Por que o refúgio político concedido pelo Ministro da Justiça não tem tido efeito para Cesare Battisti? A resposta é simples: evidentemente não se pode obter refúgio político, na prática, no próprio país onde o sujeito é perseguido político! O status de refugiado político é formal, a perseguição política sofrida por ele no Brasil é real, é prática, e é ela e só ela que o mantém encarcerado.

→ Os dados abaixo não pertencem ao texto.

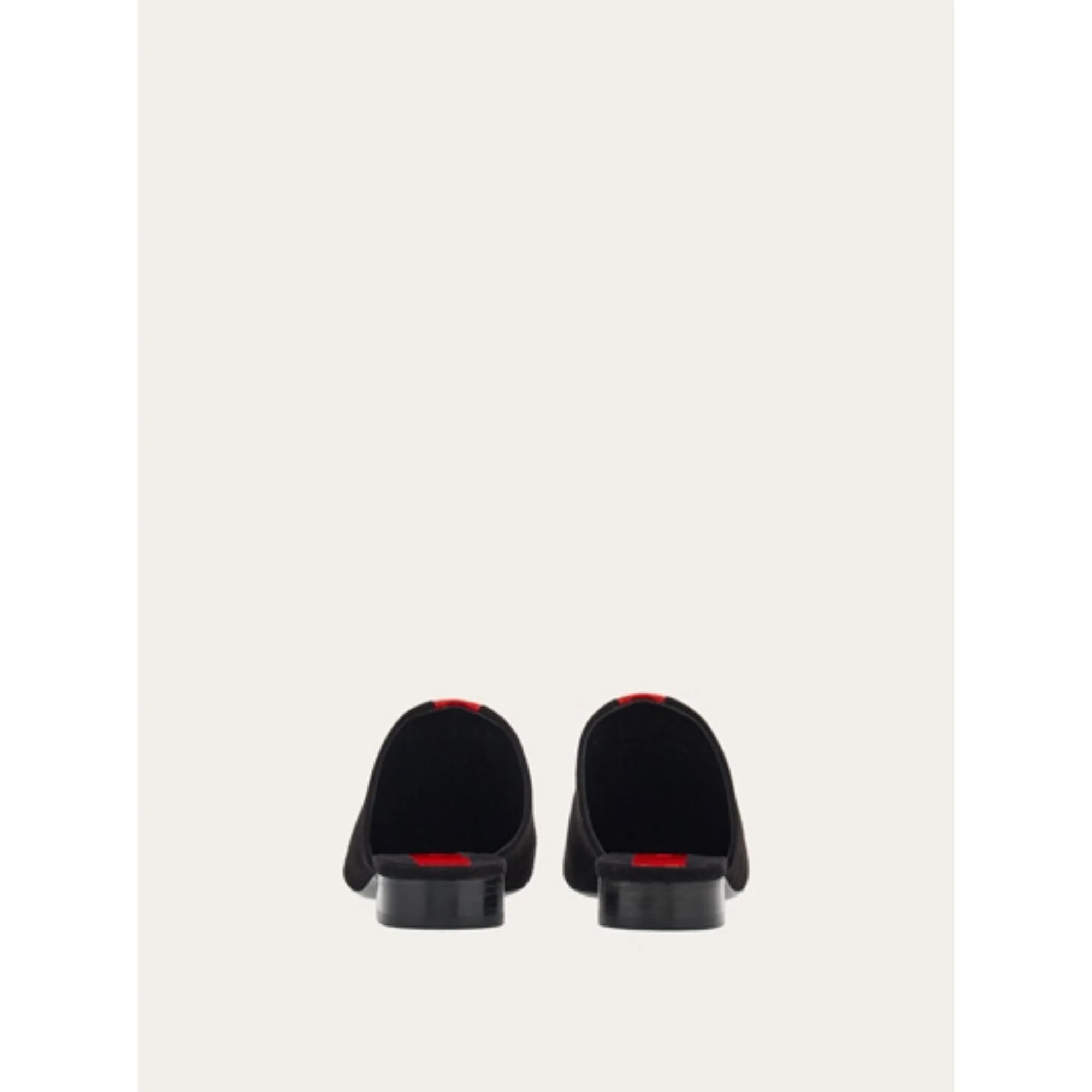 Mule with Graphic Insert - Black/Flame Red - Image 4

O refúgio político concedido a Cesare será letra morta se não se alterar o status real de perseguido político de Cesare Battisti, também no Brasil.

Assim como o caso da demissão do dirigente sindical Claudionor Brandão, do Sindicato dos Trabalhadores da Universidade de São Paulo (Sintusp), e de tantos outros, o caso de Cesare Battisti não representa apenas solidariedade a um lutador que é perseguido por inimigos de classe, pelas suas idéias e ativismo, trata-se de defendermos também as conquistas sociais e políticas conseguidas com a luta e até o sangue de gerações anteriores. No caso de Brandão, trata-se de lutar contra a supressão dos direitos políticos e sindicais que foram instituídos em resposta à militância dos trabalhadores no último século. No caso de Battisti, o que está em jogo, como aponta a própria ONU, é o direito de refúgio político. Ambas são tentativas de avanço da direita que possuem repercussão não só para as vidas particulares de Brandão e Battisti, mas para todos nós. Os direitos políticos e sociais foram conquistas trazidas com muita luta, de gerações, e só será com a luta da nossa geração e das próximas que eles continuarão existindo.

2 COMENTÁRIOS

  1. Esses “Comunistas Históricos” não passam de uns grandes pelegos históricos.

  2. CASO BATTISTI: STF DESRESPEITA A LEI, A LÓGICA E O SENSO COMUM

    por Celso Lungaretti

    Uma valorosa companheira do comitê de solidariedade me repassa mensagem de Cesare Battisti. Afora assuntos práticos, há um trecho em que ele deixa transparecer toda sua ansiedade e indignação:

    “Ao fim do recesso do STF, fará oito meses que eu continuo detido após [ter sido concedido] o refúgio. O abuso do STF está passando de todos os limites, e isso não é só responsabilidade do STF, mas também de todas as instituições brasileiras, que contrariam o que está estabelecido nas leis e nos tratados internacionais, mantendo preso um refugiado político!”